Dataset records START
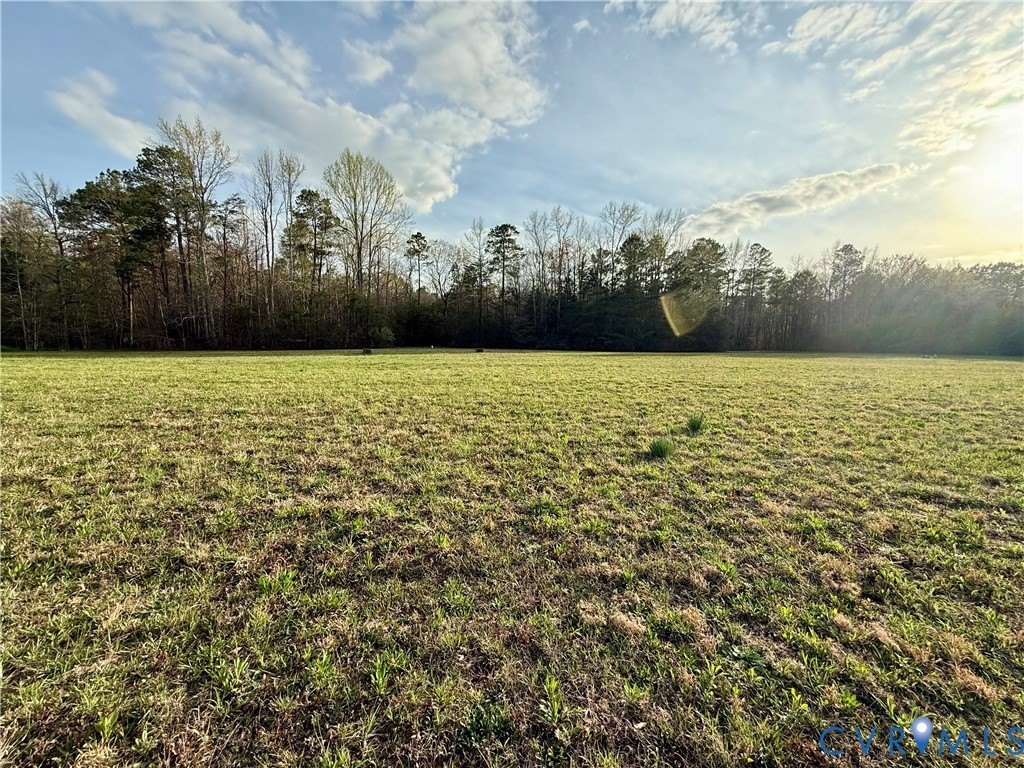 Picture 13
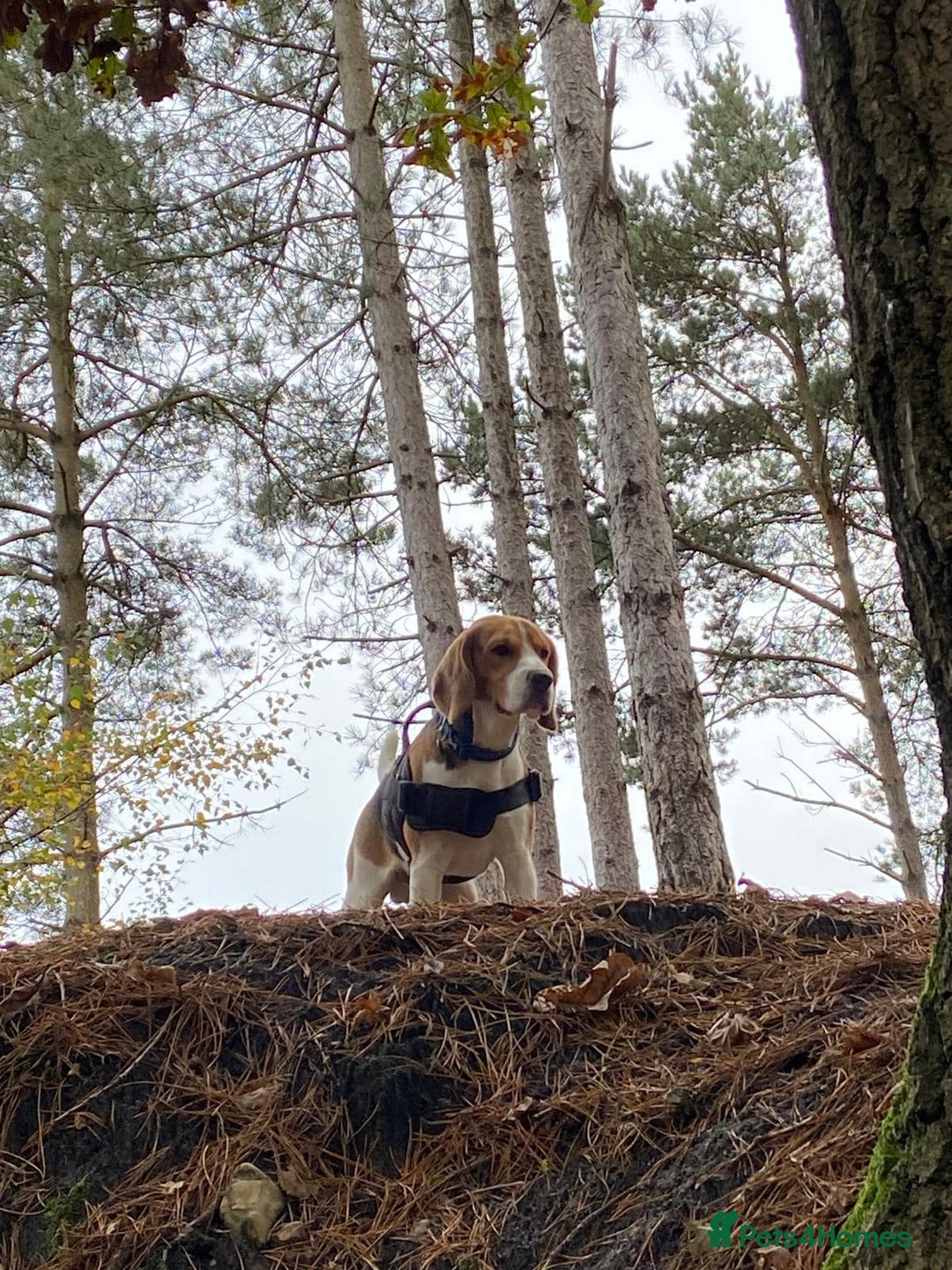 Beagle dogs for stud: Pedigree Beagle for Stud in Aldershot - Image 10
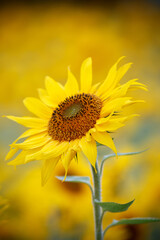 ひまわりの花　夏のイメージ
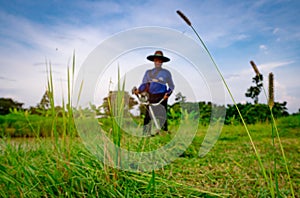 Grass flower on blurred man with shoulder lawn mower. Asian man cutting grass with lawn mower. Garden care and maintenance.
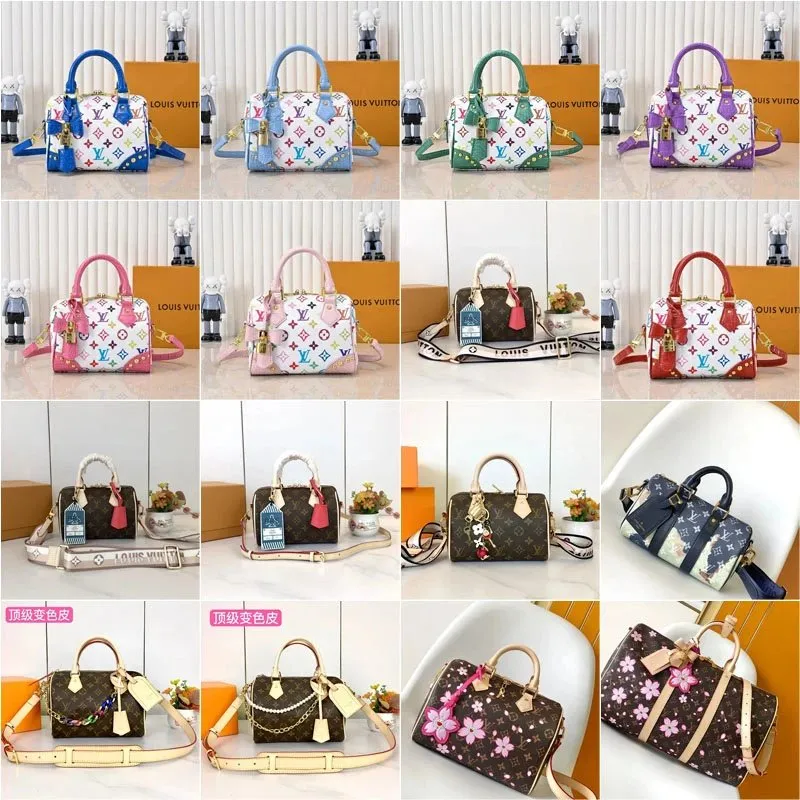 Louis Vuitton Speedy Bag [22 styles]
Dataset records END
Dataset records START
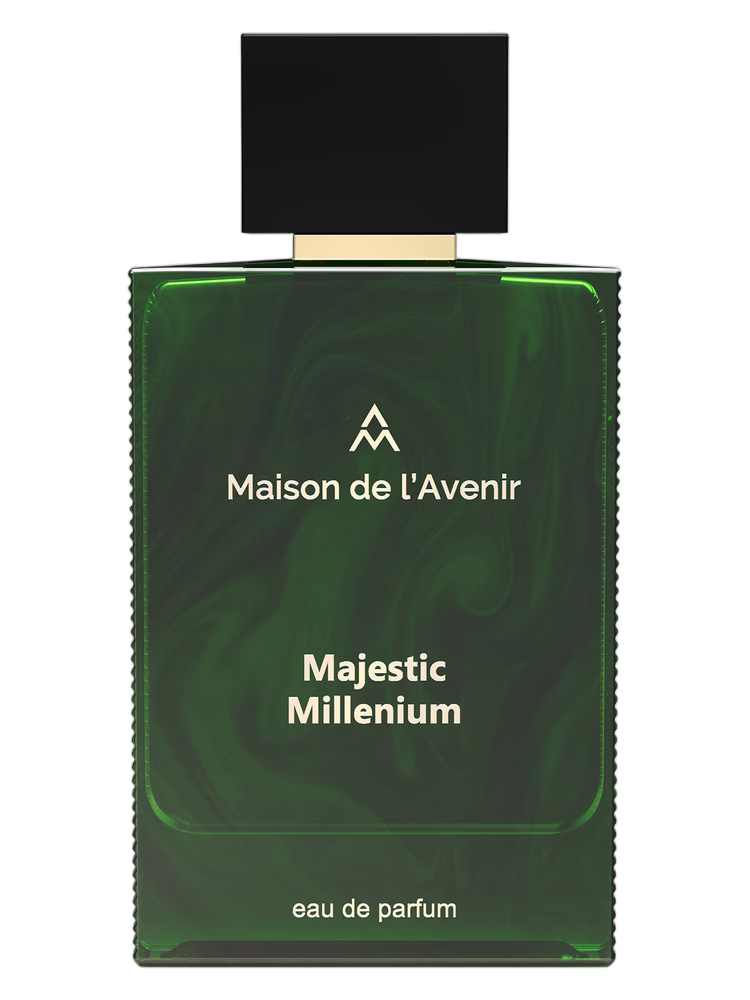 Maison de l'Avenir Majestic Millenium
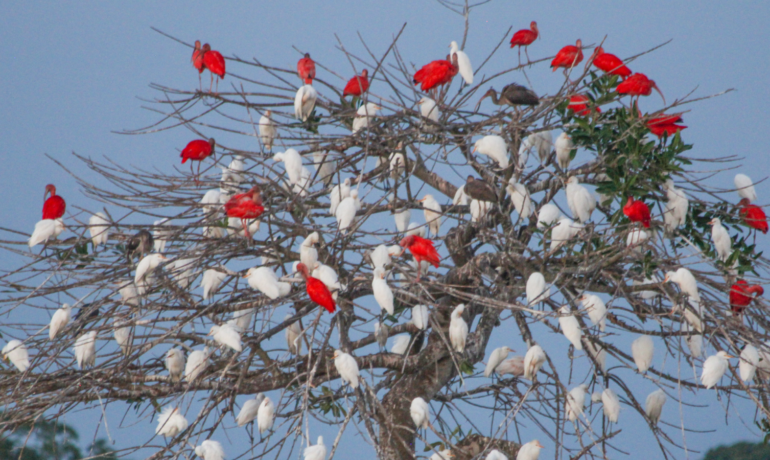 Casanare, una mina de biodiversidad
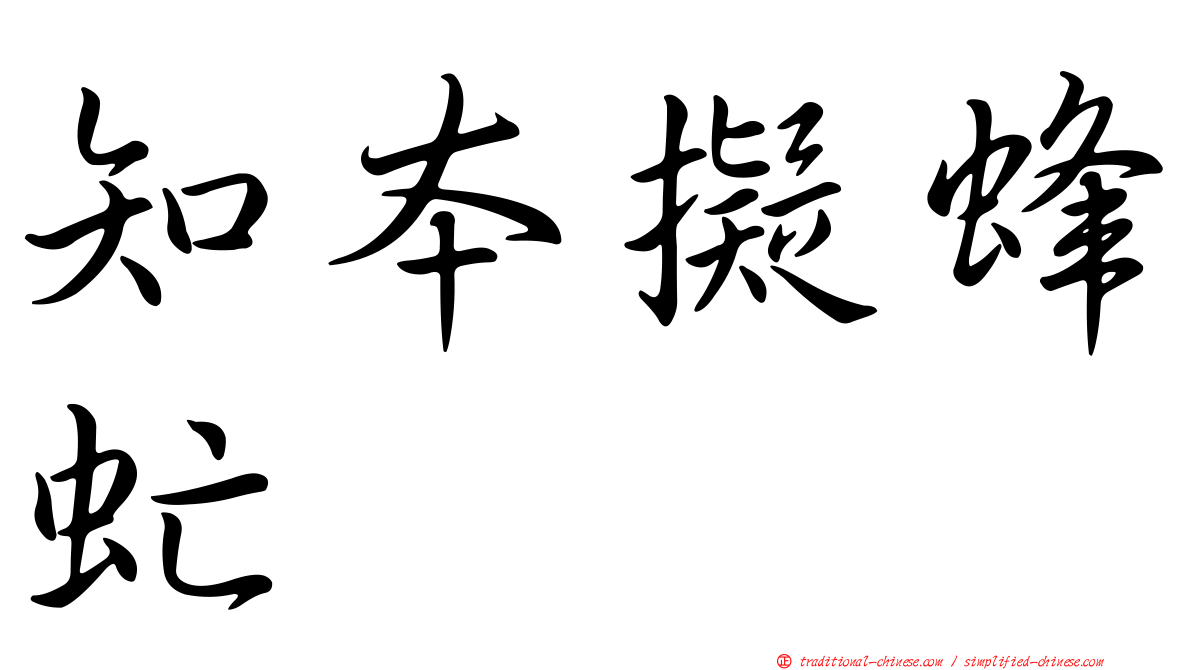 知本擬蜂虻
Dataset records END
Dataset records START
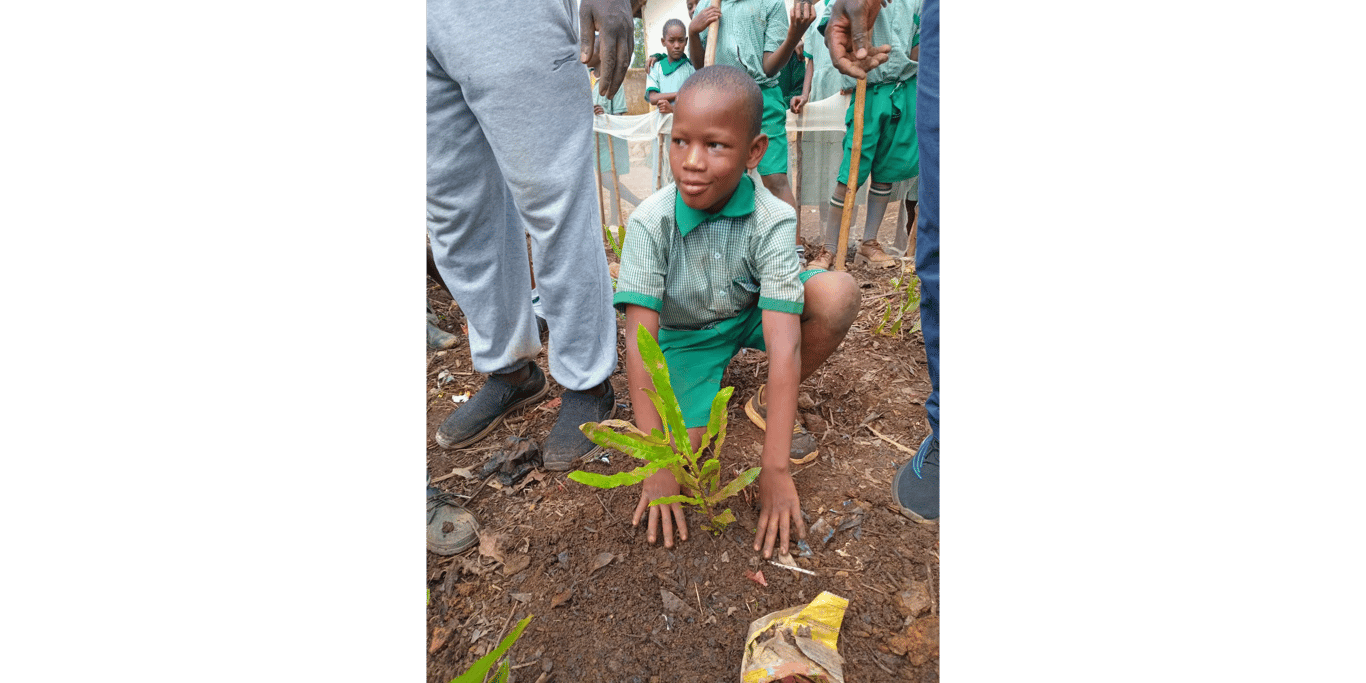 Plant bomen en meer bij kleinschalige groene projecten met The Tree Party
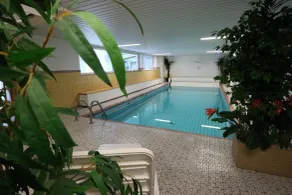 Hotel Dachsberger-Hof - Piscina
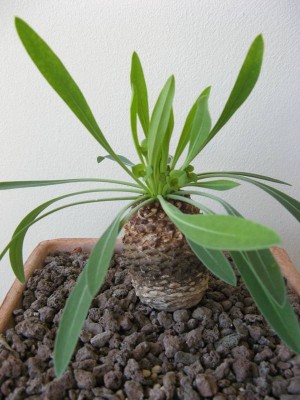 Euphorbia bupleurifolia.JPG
Dataset records END
▸ Work to complete: Copy only the lines above from the one containing "Beagle dogs for" through the one containing "Louis Vuitton Speedy Bag [22 styles]", both included. Leave out the pictures.

▸ Answer to the problem:
 Beagle dogs for stud: Pedigree Beagle for Stud in Aldershot - Image 10
 ひまわりの花　夏のイメージ
 Grass flower on blurred man with shoulder lawn mower. Asian man cutting grass with lawn mower. Garden care and maintenance.
 Louis Vuitton Speedy Bag [22 styles]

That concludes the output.